UTF8, MySQL, Perl and PHP

In my previous post I mentioned that Haddock Blogs was finally almost free of the character encoding errors that have plagued it for years.

In the interest of helping anyone else doing similar work in the future but also, more selfishly, in the hope peopl spot things I could do better, here’s a summary of what I’m now doing to keep things UTF8 from start to finish.

I’m the first to admit my method has been haphazard here, stumbling from one error to another, Googling for a hasty solution to heave me over and on to the next one. Follow my instructions at your own risk, and if you spot any errors, large or small, do post a comment or email me, as I’d love to know where I’ve gone wrong.

MySQL

First off, make sure the database is using UTF8.

mysql> STATUS;

This command will show you the “Db characterset”. If it’s not “utf8” then:

mysql> ALTER DATABASE database_name CHARACTER SET utf8;

Although the database is now using UTF8 your tables and columns might be set to something else. Check the table’s character set by doing this:

mysql> SHOW CREATE TABLE table_name;

This will show you more information about your table than a simple “DESCRIBE” will. The last part will show the table’s CHARSET. If it’s not “utf8”:

mysql> ALTER TABLE table_name CONVERT TO CHARACTER SET utf8;

I don’t know how to find out the encoding of individual columns, or how likely it is that they could still be set to something else, but this is how to convert them to UTF8 (in this case, a VARCHAR(255) column):

mysql> ALTER TABLE table_name MODIFY column_name VARCHAR(255) CHARACTER SET utf8;

To add to the fun, your connection to the database itself has its own encoding. We’ll see more of this later, but if you’re using MySQL on the command line, entering this command:

mysql> SET NAMES utf8;

will mean that your current session is in UTF8. If you’re using PHPMyAdmin, you might not have to worry about this(?). I expect your command line client also has its own encoding…

Perl

Haddock Blogs uses a Perl script to grab remote RSS/Atom feeds, put items into the database, and generate its own RSS feeds.

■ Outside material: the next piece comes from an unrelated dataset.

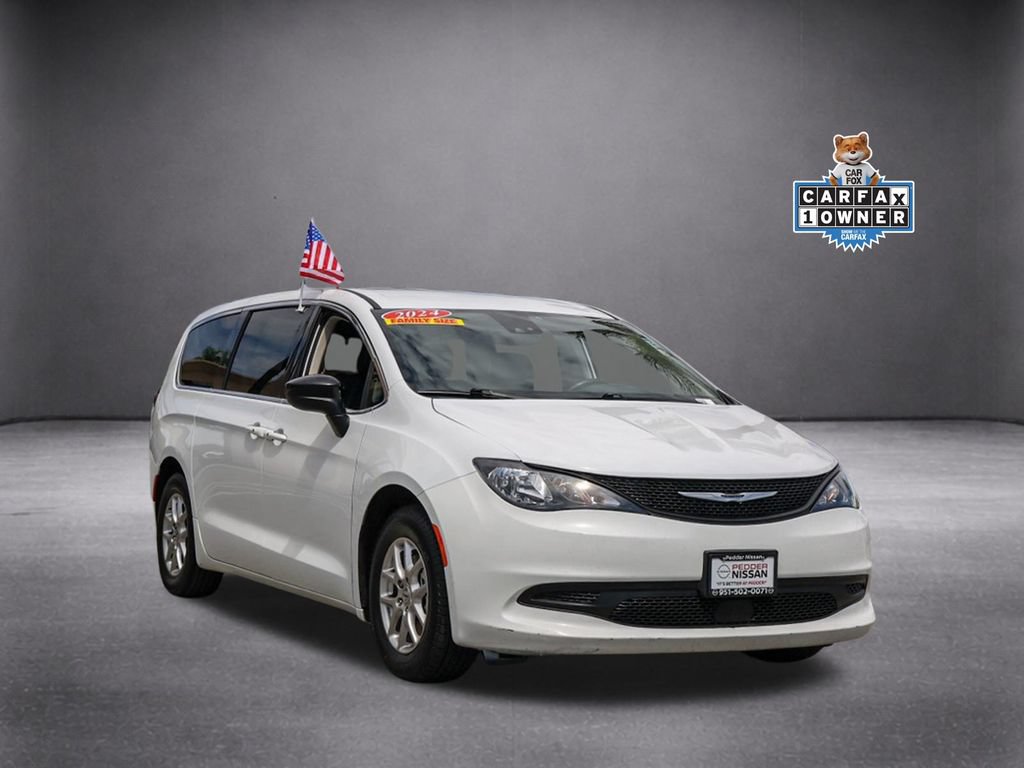 Used 2024 Chrysler Voyager LX FWD image 2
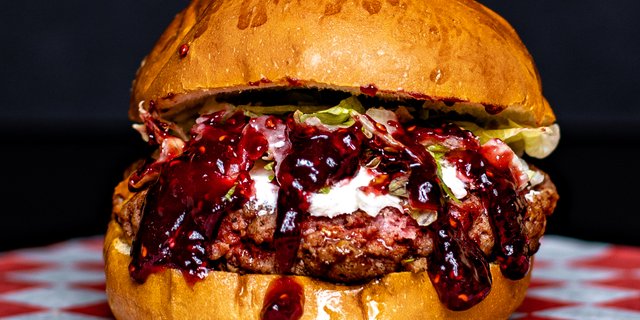 Razz Burger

First thing is ensuring our connection to the databse is all UTF8 friendly:

# Standard DBI connection.
my $dbh = DBI->connect("DBI:mysql:${database}:${hostname}", $username, $password) 
    or die "DB Connection not made: $DBI::errstr";

$dbh->{'mysql_enable_utf8'} = 1;

$dbh->do('SET NAMES utf8');

The last of those is just as we did in the previous section, ensuring our connection is nicely UTF8. The ‘mysql_enable_utf8’ line is something that took a bit of Googling to find when I was having problems fetching UTF8 data from the database using DBI. This page suggests this is non standard, but all I know is I was relieved when I found something that solved a problem.

For fetching the RSS/Atom feeds I used XML::Feed and blindly trusted that it would do things as right as possible. It seems to have Just Worked without too much fiddling. The text strings it returns get put into the database pretty much as-is, with a minimal amount of modifications (removing HTML tags from brief summaries, stripping spaces at start and end, etc.).

However, I encountered problems when SELECTing existing data from the databse. I check to see if any recent blog posts have changed, compared to those in the database. I found that some posts were always “changed”: the text pulled from the database was different to the supposedly identical text found in the remote RSS feed.

Strings in Perl are internally marked with some kind of encoding information. I nearly understood this stuff a week or two back when I was reading up on it and have forgotten the details already. The solution, for me, was to do this to each of the strings that have been SELECTed from the database, before doing anything else with them:

use utf8;

# Do this for every string you fetch from the database:
utf8::decode( $row{'item_title'} ) unless utf8::is_utf8( $row{'item_title'} );

You can read a bit more about that where I read it. After doing this I was able to compare MySQL-originated strings with XML::Feed-originated strings accurately.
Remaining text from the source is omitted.